DATA TO EXAMINE:
--
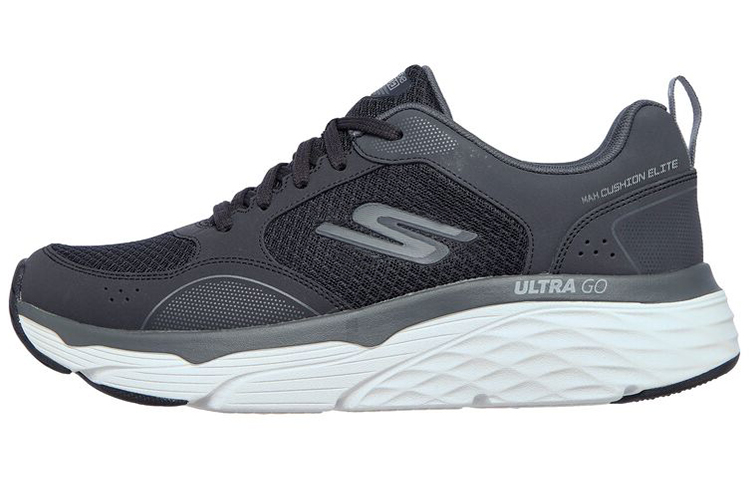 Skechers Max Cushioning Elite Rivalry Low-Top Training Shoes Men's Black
--
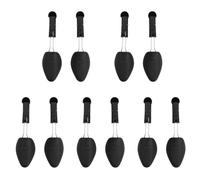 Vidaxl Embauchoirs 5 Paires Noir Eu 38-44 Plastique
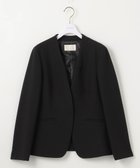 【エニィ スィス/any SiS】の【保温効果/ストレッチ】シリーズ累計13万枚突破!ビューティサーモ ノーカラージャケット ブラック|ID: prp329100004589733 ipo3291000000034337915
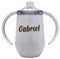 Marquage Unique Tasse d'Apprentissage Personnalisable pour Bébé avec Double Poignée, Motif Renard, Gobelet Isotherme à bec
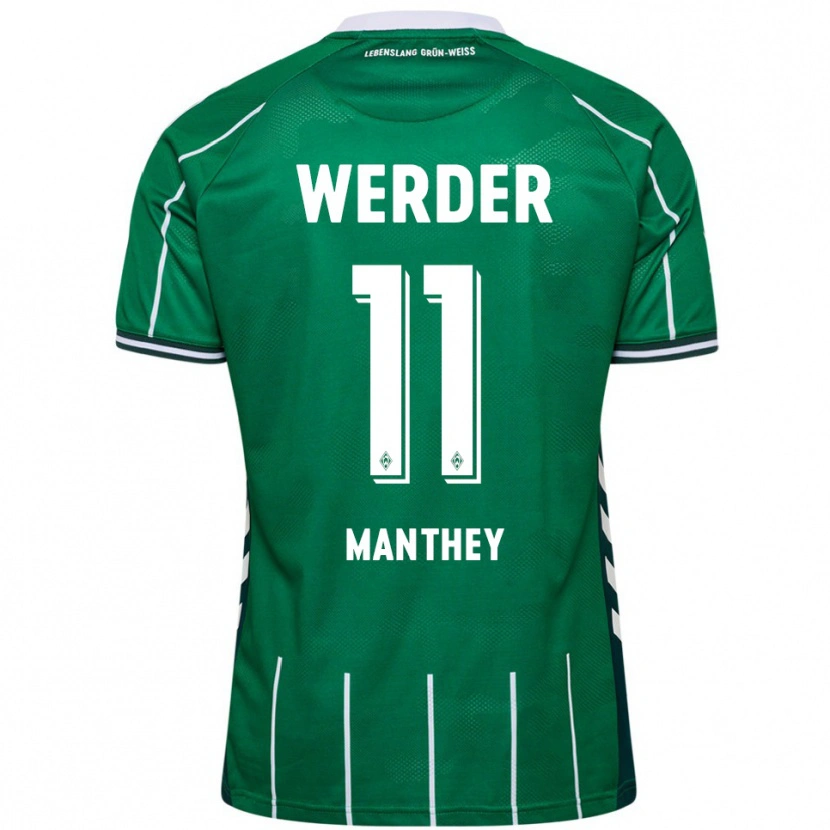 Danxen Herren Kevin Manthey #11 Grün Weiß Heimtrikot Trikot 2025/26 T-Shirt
--
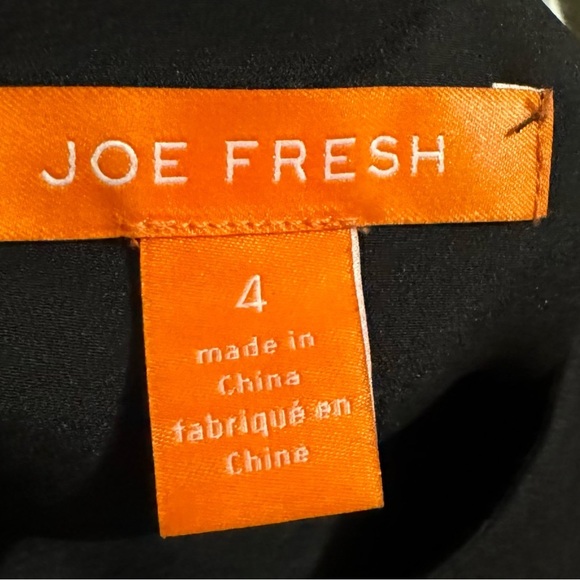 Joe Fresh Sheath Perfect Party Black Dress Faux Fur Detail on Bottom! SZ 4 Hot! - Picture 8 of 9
--
EXERCISE PROMPT: Go back to the listing above and write out the lines starting at the one with "ブラック|ID: prp329100004589733 ipo3291000000034337915" and ending at the one with "Danxen Herren Kevin", inclusive, exactly and without pictures.

YOUR RESPONSE:
 【エニィ スィス/any SiS】の【保温効果/ストレッチ】シリーズ累計13万枚突破!ビューティサーモ ノーカラージャケット ブラック|ID: prp329100004589733 ipo3291000000034337915
 Marquage Unique Tasse d'Apprentissage Personnalisable pour Bébé avec Double Poignée, Motif Renard, Gobelet Isotherme à bec
 Danxen Herren Kevin Manthey #11 Grün Weiß Heimtrikot Trikot 2025/26 T-Shirt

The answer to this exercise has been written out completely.